In total, wind power accounted for 39% of all new U.S. electric generating capacity in 2009!

Nonetheless, after four years being in the lead in this category, the U.S. fell behind China in new annual capacity (it is still in the lead in total cumulative capacity — see the quote to follow). China accounted for 36% of the increase in the worldwide market, the U.S. 26%.

“At the end of 2009, cumulative wind power capacity in the United States stood at more than 35,000 MW, ahead of China’s 25,853 MW and Germany’s 25,813 MW.”

In the U.S., four states passed the 10% wind energy penetration line. Texas, as usual, led the way in wind energy growth and total capacity. Here’s more on on the state differences:

With 2,292 MW installed in 2009 alone, Texas dominated the 28 other states in which new large-scale wind turbines were installed in 2009 (the next highest were Indiana with 905 MW and Iowa with 879 MW). In terms of estimated wind energy supply as a proportion of in-state electricity generation, the front-runners include Iowa (19.7%), South Dakota (13.3%), North Dakota (11.9%), and Minnesota (10.7%). Some utilities are seeing higher percentages of wind energy supply than these state totals, with nine utilities estimated to have in excess of 10% wind energy on their systems.
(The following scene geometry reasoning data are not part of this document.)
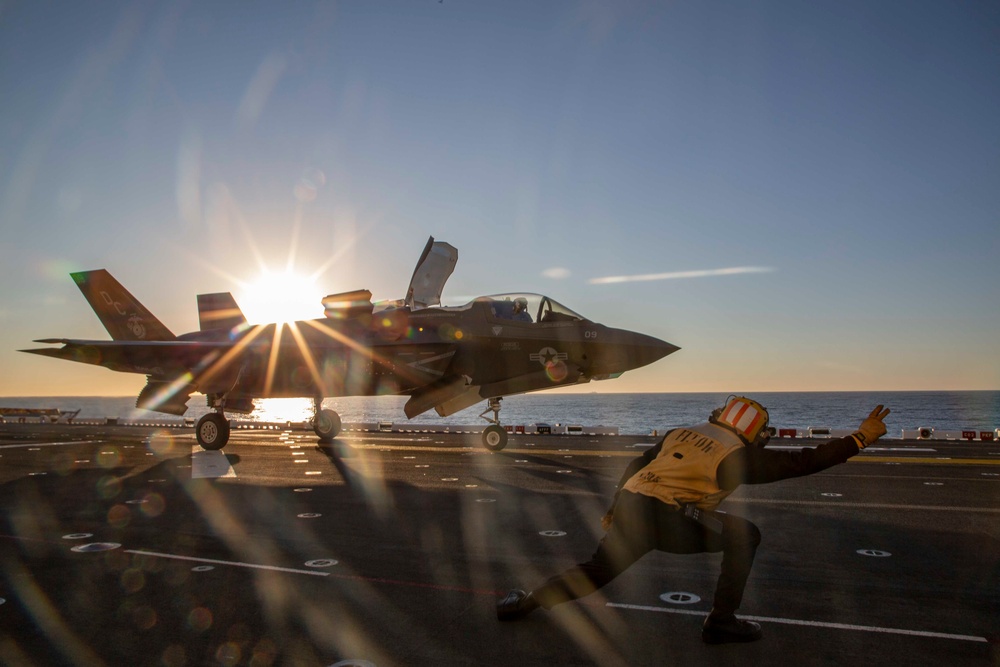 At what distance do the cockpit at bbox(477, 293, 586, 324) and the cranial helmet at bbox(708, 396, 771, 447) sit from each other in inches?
493

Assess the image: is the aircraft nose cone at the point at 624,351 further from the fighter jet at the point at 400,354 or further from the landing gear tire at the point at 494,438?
the landing gear tire at the point at 494,438

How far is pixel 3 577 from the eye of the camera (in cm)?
658

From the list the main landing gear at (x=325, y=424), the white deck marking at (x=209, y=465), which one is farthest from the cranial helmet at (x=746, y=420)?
the main landing gear at (x=325, y=424)

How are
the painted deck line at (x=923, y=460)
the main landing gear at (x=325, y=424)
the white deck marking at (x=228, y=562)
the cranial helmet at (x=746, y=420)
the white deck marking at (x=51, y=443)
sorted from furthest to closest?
1. the white deck marking at (x=51, y=443)
2. the main landing gear at (x=325, y=424)
3. the painted deck line at (x=923, y=460)
4. the white deck marking at (x=228, y=562)
5. the cranial helmet at (x=746, y=420)

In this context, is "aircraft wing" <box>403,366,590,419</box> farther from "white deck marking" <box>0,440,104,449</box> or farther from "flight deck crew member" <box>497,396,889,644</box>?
"white deck marking" <box>0,440,104,449</box>

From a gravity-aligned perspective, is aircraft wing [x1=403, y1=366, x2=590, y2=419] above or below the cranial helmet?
above

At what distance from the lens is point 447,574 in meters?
6.55

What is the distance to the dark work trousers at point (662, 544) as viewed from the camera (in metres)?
4.58

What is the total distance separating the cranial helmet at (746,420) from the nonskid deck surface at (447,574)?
1.51 meters

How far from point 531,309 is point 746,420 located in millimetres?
13060

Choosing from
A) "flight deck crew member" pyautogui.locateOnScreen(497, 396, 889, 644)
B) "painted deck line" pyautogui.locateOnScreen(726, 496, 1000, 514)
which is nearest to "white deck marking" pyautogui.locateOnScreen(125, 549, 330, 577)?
"flight deck crew member" pyautogui.locateOnScreen(497, 396, 889, 644)

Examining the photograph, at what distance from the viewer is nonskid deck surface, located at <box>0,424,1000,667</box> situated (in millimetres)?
4680

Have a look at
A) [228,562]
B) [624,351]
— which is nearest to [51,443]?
[624,351]

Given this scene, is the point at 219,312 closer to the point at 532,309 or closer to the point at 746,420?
the point at 532,309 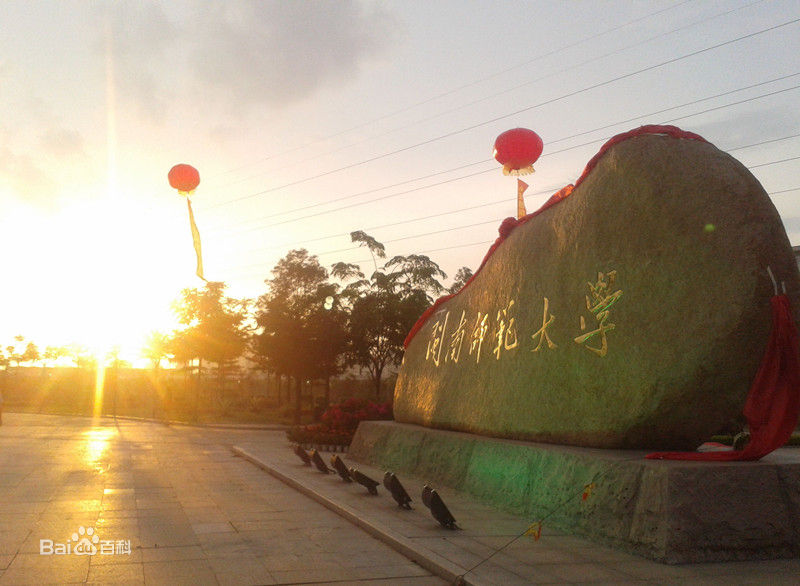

There is also a ton of wind power in the pipeline waiting to be installed:

At the end of 2009, there were roughly 300 GW of wind power capacity within the transmission interconnection queues administered by independent system operators, regional transmission organizations, and utilities reviewed for this report – nearly nine times the installed wind power capacity. This wind power capacity represented almost 60% of all generating capacity within these queues at that time, and was nearly three times as much capacity as the next-largest resource (natural gas). Most (93%) of this wind power capacity is planned for the Midwest, Mountain, Texas, PJM, SPP, and Northwest regions. Not all of this capacity will ultimately be built as planned, but these data demonstrate the high level of developer interest in wind power.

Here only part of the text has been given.